Ne peuvent donc effectivement poser une E.D., que les parties
qui justifient d'un intérêt à agir82. Ceci dit, pour
l'une ou l'autre partie opposée dans un procès, lorsque les
dispositions d'une loi ne violent pas ses droits et libertés, cette
partie au procès ne peut prétendre soulever une E.D. La
notion d'intérêt à agir peut par contre être
comprise de différente manière.

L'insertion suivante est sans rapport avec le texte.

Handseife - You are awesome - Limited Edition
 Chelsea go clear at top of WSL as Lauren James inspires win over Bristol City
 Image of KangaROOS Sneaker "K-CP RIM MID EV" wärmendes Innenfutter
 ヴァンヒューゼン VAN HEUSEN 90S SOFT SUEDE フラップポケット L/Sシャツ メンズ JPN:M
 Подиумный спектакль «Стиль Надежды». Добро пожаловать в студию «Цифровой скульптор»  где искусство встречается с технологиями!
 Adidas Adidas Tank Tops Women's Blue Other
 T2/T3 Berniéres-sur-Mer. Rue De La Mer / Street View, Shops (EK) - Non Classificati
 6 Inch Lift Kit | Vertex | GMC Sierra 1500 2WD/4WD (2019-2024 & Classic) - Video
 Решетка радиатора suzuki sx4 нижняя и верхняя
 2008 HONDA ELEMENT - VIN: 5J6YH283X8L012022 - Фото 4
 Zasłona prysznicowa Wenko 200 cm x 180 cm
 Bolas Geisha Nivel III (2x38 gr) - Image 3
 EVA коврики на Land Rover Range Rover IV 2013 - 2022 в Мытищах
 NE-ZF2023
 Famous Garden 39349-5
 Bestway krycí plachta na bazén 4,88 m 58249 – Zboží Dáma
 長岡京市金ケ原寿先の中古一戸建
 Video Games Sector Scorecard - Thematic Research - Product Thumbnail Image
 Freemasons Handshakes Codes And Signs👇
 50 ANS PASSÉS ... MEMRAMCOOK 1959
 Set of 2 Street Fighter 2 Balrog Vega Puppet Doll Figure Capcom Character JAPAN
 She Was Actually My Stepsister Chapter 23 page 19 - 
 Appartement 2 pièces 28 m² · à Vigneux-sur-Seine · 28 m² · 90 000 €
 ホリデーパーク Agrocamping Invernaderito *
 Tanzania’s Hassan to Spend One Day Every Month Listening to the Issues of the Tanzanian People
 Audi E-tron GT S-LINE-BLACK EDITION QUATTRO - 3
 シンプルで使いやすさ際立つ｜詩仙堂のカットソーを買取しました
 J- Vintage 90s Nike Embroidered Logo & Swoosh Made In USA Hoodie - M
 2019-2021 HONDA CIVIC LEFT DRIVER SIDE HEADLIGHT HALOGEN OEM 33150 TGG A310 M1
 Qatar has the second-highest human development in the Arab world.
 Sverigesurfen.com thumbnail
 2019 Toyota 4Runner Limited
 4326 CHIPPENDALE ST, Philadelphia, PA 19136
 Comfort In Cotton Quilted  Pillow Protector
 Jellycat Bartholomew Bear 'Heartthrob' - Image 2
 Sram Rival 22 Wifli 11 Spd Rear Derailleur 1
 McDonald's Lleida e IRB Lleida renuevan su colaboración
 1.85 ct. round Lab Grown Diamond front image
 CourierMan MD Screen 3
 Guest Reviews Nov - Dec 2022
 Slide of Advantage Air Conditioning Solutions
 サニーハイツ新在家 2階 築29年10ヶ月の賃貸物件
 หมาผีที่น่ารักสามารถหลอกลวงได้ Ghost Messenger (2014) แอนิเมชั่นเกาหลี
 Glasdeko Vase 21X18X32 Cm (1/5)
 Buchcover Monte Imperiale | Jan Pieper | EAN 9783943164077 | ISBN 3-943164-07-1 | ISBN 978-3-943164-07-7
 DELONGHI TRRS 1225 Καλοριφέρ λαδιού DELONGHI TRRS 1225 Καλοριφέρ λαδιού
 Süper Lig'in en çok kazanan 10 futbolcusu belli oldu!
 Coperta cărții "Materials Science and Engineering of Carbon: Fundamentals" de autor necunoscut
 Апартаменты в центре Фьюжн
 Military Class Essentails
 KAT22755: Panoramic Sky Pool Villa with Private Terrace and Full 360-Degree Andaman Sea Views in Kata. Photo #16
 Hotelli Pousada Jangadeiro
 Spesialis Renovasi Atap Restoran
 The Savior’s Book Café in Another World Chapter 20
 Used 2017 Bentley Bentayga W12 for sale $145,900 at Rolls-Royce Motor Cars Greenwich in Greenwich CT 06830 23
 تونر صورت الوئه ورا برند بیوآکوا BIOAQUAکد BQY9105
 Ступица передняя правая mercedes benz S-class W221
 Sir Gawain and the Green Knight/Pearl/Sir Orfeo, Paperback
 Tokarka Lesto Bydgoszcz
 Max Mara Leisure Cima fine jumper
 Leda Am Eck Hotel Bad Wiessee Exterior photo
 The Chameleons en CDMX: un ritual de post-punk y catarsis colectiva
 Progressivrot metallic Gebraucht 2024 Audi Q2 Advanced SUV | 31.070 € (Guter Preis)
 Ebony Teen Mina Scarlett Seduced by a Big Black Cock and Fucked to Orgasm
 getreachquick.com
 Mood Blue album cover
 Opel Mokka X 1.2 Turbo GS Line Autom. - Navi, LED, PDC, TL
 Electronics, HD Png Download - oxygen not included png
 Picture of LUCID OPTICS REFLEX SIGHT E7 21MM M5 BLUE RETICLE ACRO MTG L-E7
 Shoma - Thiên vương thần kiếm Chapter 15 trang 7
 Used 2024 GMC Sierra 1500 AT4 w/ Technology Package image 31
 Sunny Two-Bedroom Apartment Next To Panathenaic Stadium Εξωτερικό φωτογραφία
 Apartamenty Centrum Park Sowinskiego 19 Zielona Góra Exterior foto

Avant d'agir, la partie au
procès doit en effet justifier d'un « intérêt
suffisant »83. Mais, cette condition est relative en droit processuel
congolais. Le vocable « d'intérêt suffisant » n'est
pas exigé seul, comme dit l'adage : « pas
d'intérêt, pas d'action ».
Toutefois, il importe de distinguer un intérêt
qui peut être qualifié de général qui
s'apprécie par le juge dès l'introduction de l'audience
à l'intérêt plus singulier tenant à susciter un
procès incident par le moyen de l'exception
d'inconstitutionnalité. C'est à cette dernière
condition que s'inscrit pour cette partie, notre analyse. Selon une
certaine analyse doctrinale et de la jurisprudence française par
exemple : « l'intérêt doit être direct
et personnel, il doit également être né et actuel
»84.
Tenant aux intervenants, tout le contentieux leur est ouvert,
qu'il s'agisse du contentieux de l'annulation, de pleine juridiction, en
appréciation de légalité et en matière de
référé. L'intervenant volontaire en l'occurrence, doit
former son action par mémoire distinct. A l'évidence, qu'il
s'agisse de l'intervention ou de l'action principale, le requérant
doit avoir et justifié d'un intérêt à vouloir
invoquer une E.D. Rappelons que seul l'intervenant volontaire devant la
Cour d'appel, peut invoquer en premier une E.D. au sens de la loi
congolaise85.
Toutes les interventions doivent cependant être faites dans
une période donnée qui obéit aux règles du
déroulement de l'instance.
81 Ibid, p. 1210.
82 M. NGAVOUNI ASSAGNA, Le juge constitutionnel et les
juridictions ordinaires, Mémoire précité, p.
69.
83 P. CAILLE, Contentieux administratif, op.cit, p.
323.
84 J.C. RICCI, Droit administratif
général, op.cit., p. 284.
85 Article 49, alinéa 2, de la loi portant organisation
et fonctionnement de la Cour constitutionnelle
précitée.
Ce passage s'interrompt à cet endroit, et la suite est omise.